It’s good that I wasn’t trying to eat lunch and digest O’Brien’s words at the same time. I’m not sure whether I would have choked or upchucked, but even now I find them hard to swallow. O’Brien’s gut instincts were a kick in the guts.

O’Brien, who is not Jewish, obviously knows better than me the nature of “core Jewish values.” I’m so unprogressive that I think they can be found in the Ten Commandments. The idea of tikkun olam, mending the world, is a later addition – although the more I hear people like O’Brien and Callamard, the more I think the world is in urgent need of being fixed.

The luncheon event was reportedly the first in a series hosted by the Women’s National Democratic Club that will explore “Palestine past, present and future.” The part about “Palestine’s past” could fit in during the appetizers – unless they intend hijacking Israel’s history for the narrative instead.

Israel’s ancient past, thriving present, and optimistic future as the Jewish state seems to be less interesting to the group. Maybe they’re afraid of biting off more than they can chew. More than they want to hear. Israel is a country with a population of more than nine million, of whom the vast majority, more than six million, are Jews. O’Brien should speak to a representative sample to discover what they think about the idea of dismantling the country they call home. 

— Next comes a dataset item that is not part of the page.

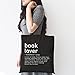 TSIIUO Women's Book Lover Noun Canvas Tote Bag Funny Reader Gift Library Reusable Shopping Canvas Bag Black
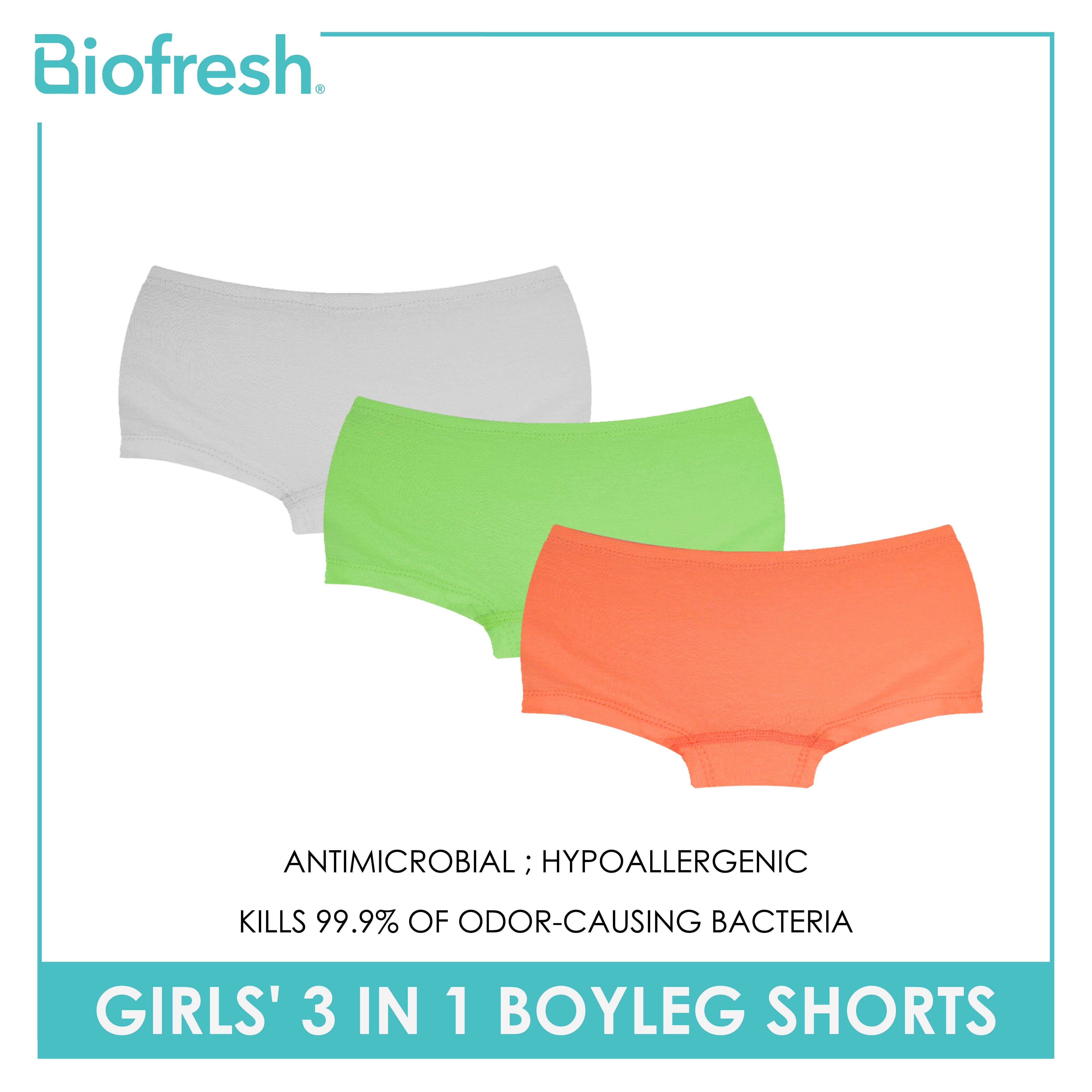 Biofresh Girls' Antimicrobial Boyleg Shorts 3 pieces in a pack UGPBG1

Following the publication of the Amnesty International report, even Regional Cooperation Minister Esawi Frej, a Muslim Arab member of the left-wing Meretz party, declared: “Israel has many problems that must be solved, inside the Green Line and certainly in the occupied territories, but Israel is not an apartheid state.”

The Amnesty International official’s comments weren’t the only travesty that grabbed my attention last week. In a separate story, the Jewish Telegraphic Agency revealed that the environmental Sierra Club NGO has canceled its scheduled trips to Israel. This is in response to pressure from progressive and anti-Zionist groups, after activists alleged the organization was “greenwashing the conflict” and “providing legitimacy to the Israeli state, which is engaged in apartheid against the Palestinian people,” according to an email quoted by JTA.

There it is again: the apartheid libel and an attack on the legitimacy of the State of Israel. More than seven decades after its creation, Israel still has to defend itself not only from physical attacks, terrorism and threats from nearly-nuclear Iran, it still has to defend its right to exist. Alone among the countries formed following the end of World War II, Israel’s very being and sovereignty are still being questioned. 

The one Jewish state in the world – the one state based on the biblical “ingathering of exiles” – is subject to a campaign of delegitimization and double standards. Efforts to turn Israel into a pariah state follow on from where the physical wars failed. They are another means of trying to get rid of the Jewish state. 

While these delegitimization attempts succeed in harming Israel’s image, they do absolutely nothing to promote peace or help the Palestinians.

By criminalizing Israel while ignoring Palestinian anti-normalization and terrorism, these so-called human rights organizations and progressive activists encourage more rejectionism and more terror. The Palestinian leadership has no reason to make even basic gestures of peace as long as it believes it can erase Israel with progressive, western support. 

And the delegitimization and lies fuel further attacks, both on Israelis and on Jews and Jewish targets around the world. Antisemitism has simply morphed into anti-Zionism and attacks on Israel. Jerusalem Post columnist Gil Troy this week gave the phenomenon the name “twistory.”

Amnesty International’s report singled out Israel for investigation and found it guilty. O’Brien’s statements clarify Israel’s ultimate sin: It’s guilty of existing. When it comes to the Jewish state, O’Brien doesn’t have healthy gut feelings so much as hateful Irritable Bowel Syndrome.